Going back to dribbling, it is a skill that needs continued work until early teens. If you over-emphasize the pass at 9, you will get players later on who will never take the opportunity and will lack the skill to beat someone 1v1. For all of the 2v1 and 3v1 sequences of Barcelona, you still need to be able to take a defender 1v1 — it will make the subsequent pass that much more deadly. So, to that regard, I disagree with the de-emphasis on dribbling starting at age 7.
It is widely noted that Arsene Wenger altered the playing style of Arsenal to what it is today. Before Wenger, George Graham’s boys were physical and, like a lot of the EPL competitors, played a lot of long ball; hence, the chant “Boring, boring Arsenal” or “One-nil to the Arsenal.” When Wenger entered Arsenal, he altered the style of play to a more possession based, short passing approach. They were taught and trained to play the ball from back to front, and vice-versa. Width and depth should be explored while in possession of the ball. But, they did not de-emphasize dribbling. Rather, they imported ideas from Barcelona’s Academy.
We should be wary of advice to de-emphasize dribbling at age 7. Here is quote from the book Arsenal: The Making of a Modern Superclub: “Their (Barcelona) Academy coach Carlos Rexach reveals … ‘Above all what we are after is a boy who is good with the ball and then we hope he becomes strong physically. Other academies tend to look for athletes they can turn into footballers. Most coaches, when they see a kid who dribbles a lot they tell him to stop and pass the ball. Here (Barcelona) they do the opposite. We tell them to continue so that they get even better at dribbling. It’s only when the kid develops that we start teaching them the passing game.'” (Page 68).
I know firsthand that over-emphasizing passing early will retard dribbling and creativity with the ball. When coaching and teaching youngsters, encourage them to touch the ball as much as they can. Allow them opportunities to be creative. As a result, they will also develop ball control skills that will lead to passing and creative use of space.
Also, it is recommended that at U8, players progress to 7v7 from 4v4. At U9-10, it is 9v9, and at U11 up to 11v11. This is counter to the current recommendations of small-sided games. Depending on the Association, some use 4v4 for U7-U8, 6v6 for U9-10, 8v8 for U11-12, and 11v11 starting at U13. I do think the 4v4 at U8 is a wasted year currently.

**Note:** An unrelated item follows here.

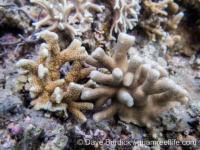 Porites tuberculosa (left) and P. cylindrica (right; Anilao)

To sum it up, I was ecstatic to see this change in US Youth Soccer philosophy. As Reyna says, “it has never been done” in the U.S. We are late in the day to finally get away from the physical back line, great GK, and fast forward kick and run approach U.S. normally plays, but it is never too late to add some Johan Cruyff magic. Hopefully it will stick. I know some coaches in Southeast Texas that are committed to it and have been for a while. Cheers.